The Performance Credit Mechanism authorized by the Texas legislature in 2023 through SB 3 and Public Utility Commission of Texas Docket 55000 would introduce a capacity-adjacent revenue stream, paying resources for performance during defined tight-supply hours. The PCM has not gone live. The PUCT approved the design framework in December 2023, but implementation has been deferred repeatedly, most recently in the April 2026 open meeting where commissioners flagged the go-live target as no earlier than 2028. Until the PCM is operational, ERCOT capacity revenue for solar and storage is entirely a function of scarcity pricing outcomes in the energy market.
The practical implication for hybrid solar-plus-storage in ERCOT is that PPA structuring cannot rely on an accredited capacity value the way a PJM or MISO deal does. The pro forma has to be built against modeled scarcity pricing distributions and modeled ancillary services revenue, both of which have wider confidence intervals than a fixed capacity accreditation payment. Tax equity investors underwriting ERCOT hybrids have adjusted for this by requiring longer merchant-tail hedges and by pricing a wider capacity-revenue haircut into their base case. The high summer 2023 and 2024 scarcity events showed the upside, and the mild summer of 2025 and the volatile spring 2026 conditions showed the downside.
For hyperscaler counterparties choosing between an ERCOT hybrid PPA and a PJM or MISO hybrid PPA at similar all-in delivered cost, the ERCOT deal carries a higher revenue-variance profile that has to be modeled against the counterparty’s own load-following requirements. Google, Meta, and Amazon have all moved specific data-center anchor projects into MISO South and PJM for exactly this reason through 2025 and 2026, while ERCOT continues to attract the merchant-plus-corporate-VPPA structures that can accept the revenue variance in exchange for the interconnection speed advantage the ERCOT queue still holds against PJM and MISO.

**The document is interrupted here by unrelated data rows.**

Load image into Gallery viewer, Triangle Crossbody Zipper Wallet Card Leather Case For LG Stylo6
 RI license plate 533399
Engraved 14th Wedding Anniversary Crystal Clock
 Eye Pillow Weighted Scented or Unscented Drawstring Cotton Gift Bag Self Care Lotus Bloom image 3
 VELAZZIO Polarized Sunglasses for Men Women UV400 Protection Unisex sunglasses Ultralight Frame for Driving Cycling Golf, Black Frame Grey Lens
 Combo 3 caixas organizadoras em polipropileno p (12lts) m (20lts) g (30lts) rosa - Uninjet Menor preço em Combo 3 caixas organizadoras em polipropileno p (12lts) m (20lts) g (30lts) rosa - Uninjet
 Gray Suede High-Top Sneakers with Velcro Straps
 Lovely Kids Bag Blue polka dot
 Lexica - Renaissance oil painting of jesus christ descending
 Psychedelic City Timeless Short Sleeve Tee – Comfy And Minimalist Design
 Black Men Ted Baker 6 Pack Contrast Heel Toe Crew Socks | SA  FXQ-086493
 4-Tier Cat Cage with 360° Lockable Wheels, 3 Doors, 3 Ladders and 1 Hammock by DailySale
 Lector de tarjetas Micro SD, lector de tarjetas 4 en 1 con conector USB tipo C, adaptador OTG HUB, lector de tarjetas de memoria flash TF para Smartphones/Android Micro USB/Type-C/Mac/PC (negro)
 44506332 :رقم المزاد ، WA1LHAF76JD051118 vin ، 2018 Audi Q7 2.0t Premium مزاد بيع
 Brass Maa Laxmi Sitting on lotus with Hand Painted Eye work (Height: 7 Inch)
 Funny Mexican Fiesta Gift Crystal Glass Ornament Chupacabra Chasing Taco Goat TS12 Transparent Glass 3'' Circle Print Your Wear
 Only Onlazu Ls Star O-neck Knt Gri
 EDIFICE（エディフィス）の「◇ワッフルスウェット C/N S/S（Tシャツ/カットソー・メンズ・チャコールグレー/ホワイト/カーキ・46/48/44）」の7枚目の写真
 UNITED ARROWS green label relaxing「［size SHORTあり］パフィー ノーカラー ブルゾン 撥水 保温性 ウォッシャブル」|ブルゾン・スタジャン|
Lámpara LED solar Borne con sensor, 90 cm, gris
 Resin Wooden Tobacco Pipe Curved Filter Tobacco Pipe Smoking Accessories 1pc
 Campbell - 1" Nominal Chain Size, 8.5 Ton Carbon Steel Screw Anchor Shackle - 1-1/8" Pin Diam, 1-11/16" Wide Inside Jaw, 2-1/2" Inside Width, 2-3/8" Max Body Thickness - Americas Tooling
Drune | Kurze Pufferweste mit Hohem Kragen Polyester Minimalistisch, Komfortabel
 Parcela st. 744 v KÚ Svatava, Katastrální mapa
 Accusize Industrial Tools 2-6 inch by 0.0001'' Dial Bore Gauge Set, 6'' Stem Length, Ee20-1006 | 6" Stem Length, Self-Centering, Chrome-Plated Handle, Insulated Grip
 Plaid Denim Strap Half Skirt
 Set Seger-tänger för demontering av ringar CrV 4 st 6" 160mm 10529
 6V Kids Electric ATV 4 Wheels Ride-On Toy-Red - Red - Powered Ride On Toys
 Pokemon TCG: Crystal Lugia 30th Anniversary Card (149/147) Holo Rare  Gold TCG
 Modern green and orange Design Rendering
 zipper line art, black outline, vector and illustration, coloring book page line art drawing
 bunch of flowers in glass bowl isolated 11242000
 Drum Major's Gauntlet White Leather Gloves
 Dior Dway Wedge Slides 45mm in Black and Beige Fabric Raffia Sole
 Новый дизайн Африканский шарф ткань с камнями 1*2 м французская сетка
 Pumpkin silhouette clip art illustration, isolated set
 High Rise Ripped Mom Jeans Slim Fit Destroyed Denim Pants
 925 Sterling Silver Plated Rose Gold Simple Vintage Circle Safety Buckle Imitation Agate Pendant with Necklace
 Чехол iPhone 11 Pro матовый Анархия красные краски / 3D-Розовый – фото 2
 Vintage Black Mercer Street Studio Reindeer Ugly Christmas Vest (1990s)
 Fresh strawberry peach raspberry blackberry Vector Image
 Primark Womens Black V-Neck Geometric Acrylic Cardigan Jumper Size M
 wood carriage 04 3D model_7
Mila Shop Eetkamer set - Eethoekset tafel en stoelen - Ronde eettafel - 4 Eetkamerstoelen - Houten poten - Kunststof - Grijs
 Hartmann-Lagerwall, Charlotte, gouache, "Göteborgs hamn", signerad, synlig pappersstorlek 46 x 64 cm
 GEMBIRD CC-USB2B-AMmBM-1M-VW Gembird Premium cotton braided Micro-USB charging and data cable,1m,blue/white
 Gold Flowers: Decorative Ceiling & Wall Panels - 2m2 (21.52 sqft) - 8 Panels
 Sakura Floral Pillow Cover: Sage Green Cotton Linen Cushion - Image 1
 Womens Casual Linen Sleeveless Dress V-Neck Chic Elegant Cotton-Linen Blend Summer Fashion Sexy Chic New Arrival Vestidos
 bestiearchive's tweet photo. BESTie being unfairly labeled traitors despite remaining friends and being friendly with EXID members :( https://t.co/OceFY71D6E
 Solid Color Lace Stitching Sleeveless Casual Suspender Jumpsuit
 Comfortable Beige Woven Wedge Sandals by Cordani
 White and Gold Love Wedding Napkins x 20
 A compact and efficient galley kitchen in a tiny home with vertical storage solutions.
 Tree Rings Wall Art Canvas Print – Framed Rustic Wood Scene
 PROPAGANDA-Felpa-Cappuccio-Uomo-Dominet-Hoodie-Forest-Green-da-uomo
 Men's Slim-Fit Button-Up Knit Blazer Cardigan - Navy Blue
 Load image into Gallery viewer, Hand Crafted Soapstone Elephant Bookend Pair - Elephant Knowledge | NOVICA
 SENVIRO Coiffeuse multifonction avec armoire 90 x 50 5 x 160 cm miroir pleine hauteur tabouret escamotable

Reading a hybrid capacity number
The through-line across the three markets is that the same physical solar-plus-storage installation earns three different capacity numbers depending on the RTO it interconnects into, and those numbers move on three different calibration cycles. PJM ELCC is recalibrated annually against a rolling three-year Monte Carlo model. MISO seasonal accreditation is recalibrated annually against a four-season LOLE model. ERCOT does not accredit capacity at all in 2026 and is not scheduled to do so before 2028.
A PPA structuring desk pricing a hybrid solar-plus-storage project in 2026 has to answer three questions before the capacity revenue line in the pro forma can be locked. First, which RTO’s queue is the project clearing into, and what is the specific ELCC or seasonal accreditation the RTO has published for the delivery year the project is expected to reach commercial operation. Second, where does the project sit on the ELCC saturation curve for that RTO, and how much further downward pressure does the RTO’s queue pipeline imply for the accreditation value over the PPA term. Third, if the project sits in ERCOT, what modeled scarcity revenue distribution is the pro forma using, and what confidence interval does that distribution imply against the fixed-price PPA the hyperscaler counterparty is willing to sign.
The three-way split in capacity accreditation methodology is now one of the defining features of US utility-scale project development. It is not a technical footnote inside the RTO stakeholder process. It is the number that anchors every hyperscaler PPA, every tax equity flip, and every hybrid interconnection cost sensitivity in the 2026 pipeline, and it is the number that moves 30 to 50 basis points on levered equity yield when it shifts by a handful of percentage points in a given RTO’s annual calibration.